##### DATA SHOWN
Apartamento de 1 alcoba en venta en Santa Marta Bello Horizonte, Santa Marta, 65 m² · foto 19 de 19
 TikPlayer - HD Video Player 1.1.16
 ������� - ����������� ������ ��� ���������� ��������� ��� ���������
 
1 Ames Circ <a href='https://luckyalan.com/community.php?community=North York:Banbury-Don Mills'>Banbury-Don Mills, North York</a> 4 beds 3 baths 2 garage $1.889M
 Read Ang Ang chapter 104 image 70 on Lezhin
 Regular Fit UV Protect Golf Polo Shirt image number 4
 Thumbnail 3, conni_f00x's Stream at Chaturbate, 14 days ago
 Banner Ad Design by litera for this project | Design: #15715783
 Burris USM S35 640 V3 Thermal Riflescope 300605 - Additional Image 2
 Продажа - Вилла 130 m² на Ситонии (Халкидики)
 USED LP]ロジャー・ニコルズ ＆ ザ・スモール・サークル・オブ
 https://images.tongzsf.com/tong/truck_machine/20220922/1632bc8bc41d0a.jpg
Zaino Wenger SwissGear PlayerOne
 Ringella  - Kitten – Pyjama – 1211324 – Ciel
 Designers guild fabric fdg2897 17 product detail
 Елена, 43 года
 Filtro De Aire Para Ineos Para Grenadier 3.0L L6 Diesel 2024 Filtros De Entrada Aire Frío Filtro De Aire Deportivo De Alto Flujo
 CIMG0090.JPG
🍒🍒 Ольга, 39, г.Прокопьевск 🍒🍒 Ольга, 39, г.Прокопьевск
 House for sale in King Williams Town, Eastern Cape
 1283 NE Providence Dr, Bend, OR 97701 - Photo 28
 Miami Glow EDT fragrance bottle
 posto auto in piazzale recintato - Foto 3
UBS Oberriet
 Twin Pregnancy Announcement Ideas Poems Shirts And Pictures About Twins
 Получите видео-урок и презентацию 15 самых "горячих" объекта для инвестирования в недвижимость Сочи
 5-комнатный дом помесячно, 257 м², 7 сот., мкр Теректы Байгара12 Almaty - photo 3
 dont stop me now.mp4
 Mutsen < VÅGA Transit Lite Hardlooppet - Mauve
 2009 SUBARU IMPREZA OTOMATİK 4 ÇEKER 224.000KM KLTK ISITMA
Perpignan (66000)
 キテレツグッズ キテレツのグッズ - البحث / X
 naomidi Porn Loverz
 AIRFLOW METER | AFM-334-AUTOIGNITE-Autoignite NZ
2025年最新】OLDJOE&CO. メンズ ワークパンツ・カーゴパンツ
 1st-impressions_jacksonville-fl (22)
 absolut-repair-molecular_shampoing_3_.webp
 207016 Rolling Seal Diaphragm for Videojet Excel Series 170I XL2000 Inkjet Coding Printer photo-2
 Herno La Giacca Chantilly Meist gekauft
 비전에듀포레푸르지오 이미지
##########
-- TO DO --
An exact copy of every line from the one containing "Получите видео-урок и" through the last line of the entries is required; please add nothing.

-- ANSWER TO THIS EXERCISE --
 Получите видео-урок и презентацию 15 самых "горячих" объекта для инвестирования в недвижимость Сочи
 5-комнатный дом помесячно, 257 м², 7 сот., мкр Теректы Байгара12 Almaty - photo 3
 dont stop me now.mp4
 Mutsen < VÅGA Transit Lite Hardlooppet - Mauve
 2009 SUBARU IMPREZA OTOMATİK 4 ÇEKER 224.000KM KLTK ISITMA
Perpignan (66000)
 キテレツグッズ キテレツのグッズ - البحث / X
 naomidi Porn Loverz
 AIRFLOW METER | AFM-334-AUTOIGNITE-Autoignite NZ
2025年最新】OLDJOE&CO. メンズ ワークパンツ・カーゴパンツ
 1st-impressions_jacksonville-fl (22)
 absolut-repair-molecular_shampoing_3_.webp
 207016 Rolling Seal Diaphragm for Videojet Excel Series 170I XL2000 Inkjet Coding Printer photo-2
 Herno La Giacca Chantilly Meist gekauft
 비전에듀포레푸르지오 이미지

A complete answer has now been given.